あくまでも軍用主体
GPSの本場で見たモノとは?
「これは、カーナビどころじゃないな」。
衛星測位の最前線を取材しながら、つくづくそう思った。
本連載第152回『カーナビ王国ニッポンの落日~GPSと高性能アプリで「スマホでナビ」本格普及か~』でGPSについて触れた。今回の取材はその補完が目的だ。
取材現場は、世界最大規模の衛星測位カンファレンス「ION GNSS+」(米テネシー州ナッシュビル/2013年9月16日~21日)だ。開催期間の前半には、米政府によるGPSの民間利用を推進する委員会「CGSIC(Civil GPS Service Interface Committee)」の年次総会も行われた。
まず、GPS衛星の運用実情を把握しておきたい。Air Force(米国空軍)の発表内容は以下の通りだ。
・GPSは1993年12月に民生利用が開始された。現在、アメリカ政府が世界56ヵ国とGPS民生利用について協定を締結し、利用数は(年間で約)10億件。
・今年9月半ば時点で、軌道上にあるGPS衛星の数は35基。内訳はGPSⅡAが8基、GPSⅡRが12基、GPSⅡR-Mが7基、GPSⅡFが4基。この他、予備が4基、テスト中が1基だ。
・各衛星の平均寿命は、打ち上げ時期が早いⅡAから順に19.2年、11.7年、6.1年、1.7年。
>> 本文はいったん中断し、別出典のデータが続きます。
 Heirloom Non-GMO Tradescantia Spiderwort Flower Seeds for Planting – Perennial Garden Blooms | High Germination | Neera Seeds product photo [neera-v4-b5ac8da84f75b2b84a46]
また、各衛星で最も長く運用されているのは、ⅡAから順に22.8年、16.1年、7.9年、3.3年である。
・打ち上げについては、直近ではⅡFの4基目を今年5月15日に行なった。ⅡFはあと8基を打ち上げる計画で、今年10月に1基、来年に3基と続く。
こうした現行計画の実施と並行して、第三世代であるGPSⅢ構想が開始されている。